OpenVPN est sorti en 2001 et est le standard de l’industrie depuis plus de deux décennies. Il est open source, extrêmement bien audité et fonctionne sur pratiquement toutes les plateformes. Sa base de code est volumineuse (environ 600 000 lignes), ce qui est à la fois une force (fonctionnalités complètes) et une faiblesse (surface d’attaque plus grande, plus difficile à auditer complètement).

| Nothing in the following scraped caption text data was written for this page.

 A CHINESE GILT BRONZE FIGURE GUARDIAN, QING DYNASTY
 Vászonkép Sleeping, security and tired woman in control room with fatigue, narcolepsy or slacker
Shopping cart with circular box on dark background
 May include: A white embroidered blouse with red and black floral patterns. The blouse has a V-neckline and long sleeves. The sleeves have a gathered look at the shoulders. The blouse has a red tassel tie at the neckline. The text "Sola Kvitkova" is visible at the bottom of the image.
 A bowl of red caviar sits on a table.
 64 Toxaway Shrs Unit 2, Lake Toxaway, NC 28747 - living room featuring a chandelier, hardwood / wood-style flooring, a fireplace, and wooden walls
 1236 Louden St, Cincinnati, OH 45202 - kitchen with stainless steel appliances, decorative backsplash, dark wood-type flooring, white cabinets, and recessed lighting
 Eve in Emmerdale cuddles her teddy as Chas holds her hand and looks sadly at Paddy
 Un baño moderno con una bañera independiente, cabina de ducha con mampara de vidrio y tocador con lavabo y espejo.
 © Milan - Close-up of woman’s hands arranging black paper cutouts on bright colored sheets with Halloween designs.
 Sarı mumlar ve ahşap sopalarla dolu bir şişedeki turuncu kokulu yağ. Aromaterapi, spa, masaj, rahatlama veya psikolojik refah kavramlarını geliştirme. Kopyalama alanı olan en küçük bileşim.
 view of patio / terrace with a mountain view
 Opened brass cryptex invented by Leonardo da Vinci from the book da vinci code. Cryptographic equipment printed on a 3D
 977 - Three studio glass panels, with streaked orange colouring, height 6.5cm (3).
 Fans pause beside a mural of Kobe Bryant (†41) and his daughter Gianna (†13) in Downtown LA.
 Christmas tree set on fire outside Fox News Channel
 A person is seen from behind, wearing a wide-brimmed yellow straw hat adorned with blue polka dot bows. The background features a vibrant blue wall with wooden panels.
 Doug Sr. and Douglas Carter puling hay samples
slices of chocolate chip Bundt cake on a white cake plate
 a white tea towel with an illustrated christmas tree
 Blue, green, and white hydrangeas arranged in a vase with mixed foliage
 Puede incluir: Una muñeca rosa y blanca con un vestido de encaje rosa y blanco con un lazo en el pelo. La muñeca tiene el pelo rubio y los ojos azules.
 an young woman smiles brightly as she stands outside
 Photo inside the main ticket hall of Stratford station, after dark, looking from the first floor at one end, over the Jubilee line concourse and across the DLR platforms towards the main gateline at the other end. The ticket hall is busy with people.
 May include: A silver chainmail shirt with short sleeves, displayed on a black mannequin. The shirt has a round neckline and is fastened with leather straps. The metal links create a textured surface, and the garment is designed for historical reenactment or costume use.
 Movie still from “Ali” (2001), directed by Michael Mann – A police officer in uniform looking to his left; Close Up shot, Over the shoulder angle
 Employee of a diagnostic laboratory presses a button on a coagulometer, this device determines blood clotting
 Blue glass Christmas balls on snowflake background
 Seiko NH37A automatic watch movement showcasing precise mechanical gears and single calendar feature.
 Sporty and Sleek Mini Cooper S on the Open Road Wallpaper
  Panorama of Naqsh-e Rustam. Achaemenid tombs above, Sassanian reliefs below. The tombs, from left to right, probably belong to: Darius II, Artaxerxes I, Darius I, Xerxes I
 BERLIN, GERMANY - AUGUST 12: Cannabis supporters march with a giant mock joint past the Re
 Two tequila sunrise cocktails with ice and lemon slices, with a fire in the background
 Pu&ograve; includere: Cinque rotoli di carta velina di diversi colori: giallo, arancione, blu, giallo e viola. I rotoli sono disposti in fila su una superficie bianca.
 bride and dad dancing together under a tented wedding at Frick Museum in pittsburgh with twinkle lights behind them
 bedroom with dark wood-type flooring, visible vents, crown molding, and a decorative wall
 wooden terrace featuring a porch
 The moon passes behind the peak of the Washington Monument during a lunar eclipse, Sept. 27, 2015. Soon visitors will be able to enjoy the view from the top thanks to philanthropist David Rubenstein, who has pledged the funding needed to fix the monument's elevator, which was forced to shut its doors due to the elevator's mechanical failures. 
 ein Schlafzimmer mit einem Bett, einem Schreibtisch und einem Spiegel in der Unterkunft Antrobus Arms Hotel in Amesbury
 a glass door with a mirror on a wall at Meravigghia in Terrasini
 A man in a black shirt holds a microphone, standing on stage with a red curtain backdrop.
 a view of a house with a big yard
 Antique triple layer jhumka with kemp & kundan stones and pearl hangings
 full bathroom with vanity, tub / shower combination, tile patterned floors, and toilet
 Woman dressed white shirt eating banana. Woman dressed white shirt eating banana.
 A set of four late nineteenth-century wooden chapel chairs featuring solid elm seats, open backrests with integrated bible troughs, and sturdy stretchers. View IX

Comment fonctionne OpenVPN : il utilise TLS pour l’échange de clés et peut fonctionner sur TCP et UDP. Le mode TCP assure une livraison fiable (utile pour traverser les pare-feux restrictifs). Le mode UDP est plus rapide et préférable dans la plupart des cas.

Chiffrement : OpenVPN avec AES-256-GCM et SHA-512 est considéré comme extrêmement sécurisé. Il n’existe pas de vulnérabilités pratiques dans l’implémentation cryptographique.

Vitesse : OpenVPN est plus lent que WireGuard, principalement parce qu’il fonctionne dans l’espace utilisateur (le logiciel gère le chiffrement) plutôt que dans le noyau. Sur un CPU moderne, cette surcharge est notable mais pas prohibitive pour la plupart des utilisations.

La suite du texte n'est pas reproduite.